Si l’on veut une autre preuve de la justesse d’esprit de Villemain et de sa conscience dans l’examen des livres, je raconterai l’anecdote de l’arbre Thibétain.

HABITUDES DE STYLE ET MÉTHODE DE PENSÉE

Villemain obscur, pourquoi ? Parce qu’il ne pense pas.

Horreur congéniale de la clarté, dont le signe visible est son amour du style allusionnel.

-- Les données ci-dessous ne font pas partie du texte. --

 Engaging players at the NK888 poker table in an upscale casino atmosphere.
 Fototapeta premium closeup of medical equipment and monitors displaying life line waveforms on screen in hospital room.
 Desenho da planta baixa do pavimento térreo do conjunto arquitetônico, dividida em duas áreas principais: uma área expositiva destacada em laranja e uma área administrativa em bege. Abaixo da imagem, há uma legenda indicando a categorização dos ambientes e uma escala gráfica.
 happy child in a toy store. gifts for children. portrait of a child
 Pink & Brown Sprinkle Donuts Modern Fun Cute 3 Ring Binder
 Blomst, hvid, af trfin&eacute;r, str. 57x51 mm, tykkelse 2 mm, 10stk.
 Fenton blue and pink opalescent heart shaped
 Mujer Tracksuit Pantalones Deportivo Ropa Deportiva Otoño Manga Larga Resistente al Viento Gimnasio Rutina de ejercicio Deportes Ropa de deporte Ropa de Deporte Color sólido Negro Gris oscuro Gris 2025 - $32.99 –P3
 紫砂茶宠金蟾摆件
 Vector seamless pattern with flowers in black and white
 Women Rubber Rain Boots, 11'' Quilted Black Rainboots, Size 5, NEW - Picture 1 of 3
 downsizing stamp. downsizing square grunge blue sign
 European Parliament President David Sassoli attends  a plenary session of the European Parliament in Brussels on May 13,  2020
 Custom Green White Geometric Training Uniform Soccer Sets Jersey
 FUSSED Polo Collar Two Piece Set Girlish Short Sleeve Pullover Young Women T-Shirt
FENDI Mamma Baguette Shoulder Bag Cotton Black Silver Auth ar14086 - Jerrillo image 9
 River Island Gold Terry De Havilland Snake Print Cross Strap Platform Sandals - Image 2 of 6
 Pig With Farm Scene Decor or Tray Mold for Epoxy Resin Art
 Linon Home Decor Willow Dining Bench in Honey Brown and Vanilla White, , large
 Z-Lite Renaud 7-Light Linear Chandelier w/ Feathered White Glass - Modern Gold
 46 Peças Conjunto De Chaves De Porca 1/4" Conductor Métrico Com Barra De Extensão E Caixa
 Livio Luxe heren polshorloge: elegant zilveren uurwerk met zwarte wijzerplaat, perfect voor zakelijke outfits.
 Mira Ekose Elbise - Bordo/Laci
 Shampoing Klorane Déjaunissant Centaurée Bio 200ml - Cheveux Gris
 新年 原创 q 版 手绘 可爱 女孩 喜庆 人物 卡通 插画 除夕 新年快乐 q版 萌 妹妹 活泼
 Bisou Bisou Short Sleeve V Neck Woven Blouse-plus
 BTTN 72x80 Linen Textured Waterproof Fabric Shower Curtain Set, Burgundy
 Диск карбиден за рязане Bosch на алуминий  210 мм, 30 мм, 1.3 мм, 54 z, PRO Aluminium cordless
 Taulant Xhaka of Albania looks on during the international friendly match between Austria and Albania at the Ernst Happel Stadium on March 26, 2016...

La phrase de Villemain, comme celle de tous les bavards qui ne pensent pas (ou des bavards intéressés à dissimuler leur pensée, avoués, boursiers, hommes d’affaires, mondains), commence par une chose, continue par plusieurs autres, et finit par une qui n’a pas plus de rapport avec les précédentes que celles-ci entre elles. D’où ténèbres. Loi du désordre.

Sa phrase est faite par agrégation, comme une ville résultat des siècles, et toute phrase doit être en soi un monument bien coordonné, l’ensemble de tous ces monuments formant la ville qui est le Livre.

(Chercher des échantillons au crayon rouge dans les cinq volumes qui me restent.)

Phraséologie toujours vague ; les mots tombent, tombent de cette plume pluvieuse, comme la salive des lèvres d’un gâteux bavard ; phraséologie bourbeuse, clapoteuse, sans issue, sans lumière, marécage obscur où le lecteur impatienté se noie.